### Data extracted from a collection
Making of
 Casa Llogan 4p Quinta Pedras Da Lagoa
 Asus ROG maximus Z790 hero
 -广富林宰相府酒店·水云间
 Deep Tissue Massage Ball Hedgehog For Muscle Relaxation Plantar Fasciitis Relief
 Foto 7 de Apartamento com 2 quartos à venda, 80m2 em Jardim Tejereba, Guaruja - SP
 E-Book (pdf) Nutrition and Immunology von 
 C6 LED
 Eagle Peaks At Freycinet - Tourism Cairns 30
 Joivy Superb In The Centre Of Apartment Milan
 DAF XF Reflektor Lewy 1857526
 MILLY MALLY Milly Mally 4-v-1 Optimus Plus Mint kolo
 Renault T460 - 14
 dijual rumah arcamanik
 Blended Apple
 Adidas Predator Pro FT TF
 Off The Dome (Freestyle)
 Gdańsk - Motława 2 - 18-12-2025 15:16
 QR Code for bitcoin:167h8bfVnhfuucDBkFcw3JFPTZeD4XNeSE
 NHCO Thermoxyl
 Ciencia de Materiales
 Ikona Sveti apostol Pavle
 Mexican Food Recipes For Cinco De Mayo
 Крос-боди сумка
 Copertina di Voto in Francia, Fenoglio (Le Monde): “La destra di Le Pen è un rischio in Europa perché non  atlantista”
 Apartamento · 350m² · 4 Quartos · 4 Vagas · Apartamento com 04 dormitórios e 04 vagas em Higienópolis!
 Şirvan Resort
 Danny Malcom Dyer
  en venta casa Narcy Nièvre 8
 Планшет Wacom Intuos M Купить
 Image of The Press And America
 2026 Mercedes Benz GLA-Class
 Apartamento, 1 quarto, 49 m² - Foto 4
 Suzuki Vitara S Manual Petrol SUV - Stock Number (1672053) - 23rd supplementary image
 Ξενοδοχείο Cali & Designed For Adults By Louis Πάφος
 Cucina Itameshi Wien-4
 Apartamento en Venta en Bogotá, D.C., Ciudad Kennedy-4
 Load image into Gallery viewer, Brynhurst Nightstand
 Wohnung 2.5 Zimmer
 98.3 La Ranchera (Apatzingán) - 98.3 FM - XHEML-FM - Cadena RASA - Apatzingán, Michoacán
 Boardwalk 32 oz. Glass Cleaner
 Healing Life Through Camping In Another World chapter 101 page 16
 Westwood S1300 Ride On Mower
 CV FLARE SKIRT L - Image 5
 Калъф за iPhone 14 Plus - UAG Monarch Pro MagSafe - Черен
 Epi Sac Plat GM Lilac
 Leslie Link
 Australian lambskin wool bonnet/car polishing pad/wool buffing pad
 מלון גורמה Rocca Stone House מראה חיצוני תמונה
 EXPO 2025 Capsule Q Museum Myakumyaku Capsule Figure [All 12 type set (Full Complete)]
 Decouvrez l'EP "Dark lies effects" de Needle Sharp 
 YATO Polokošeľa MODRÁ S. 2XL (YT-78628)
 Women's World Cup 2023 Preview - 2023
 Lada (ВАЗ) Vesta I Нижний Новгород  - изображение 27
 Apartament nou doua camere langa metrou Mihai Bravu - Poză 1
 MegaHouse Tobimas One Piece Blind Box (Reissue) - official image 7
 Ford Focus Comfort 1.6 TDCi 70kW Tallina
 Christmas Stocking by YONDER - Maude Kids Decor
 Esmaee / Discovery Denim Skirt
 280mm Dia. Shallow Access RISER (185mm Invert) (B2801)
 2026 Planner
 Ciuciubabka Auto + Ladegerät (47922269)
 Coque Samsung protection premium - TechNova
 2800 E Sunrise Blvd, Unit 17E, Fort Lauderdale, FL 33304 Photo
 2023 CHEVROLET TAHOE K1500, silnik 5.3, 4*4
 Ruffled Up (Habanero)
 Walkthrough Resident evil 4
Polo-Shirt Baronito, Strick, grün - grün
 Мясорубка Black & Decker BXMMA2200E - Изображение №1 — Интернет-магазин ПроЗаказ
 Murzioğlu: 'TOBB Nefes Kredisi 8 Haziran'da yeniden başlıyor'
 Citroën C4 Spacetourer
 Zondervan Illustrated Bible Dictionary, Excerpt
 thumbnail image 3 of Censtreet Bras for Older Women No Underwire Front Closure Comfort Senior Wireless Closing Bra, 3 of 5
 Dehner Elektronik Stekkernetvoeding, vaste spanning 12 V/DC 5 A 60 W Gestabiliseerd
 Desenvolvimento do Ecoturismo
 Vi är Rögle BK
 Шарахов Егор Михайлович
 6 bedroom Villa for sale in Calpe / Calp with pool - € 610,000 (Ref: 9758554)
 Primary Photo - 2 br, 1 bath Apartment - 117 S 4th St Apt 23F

### Work required
Check each line of the data for "Apartamento". Copy the lines where it turns up.

### Solution for this problem
 Foto 7 de Apartamento com 2 quartos à venda, 80m2 em Jardim Tejereba, Guaruja - SP
 Apartamento · 350m² · 4 Quartos · 4 Vagas · Apartamento com 04 dormitórios e 04 vagas em Higienópolis!
 Apartamento, 1 quarto, 49 m² - Foto 4
 Apartamento en Venta en Bogotá, D.C., Ciudad Kennedy-4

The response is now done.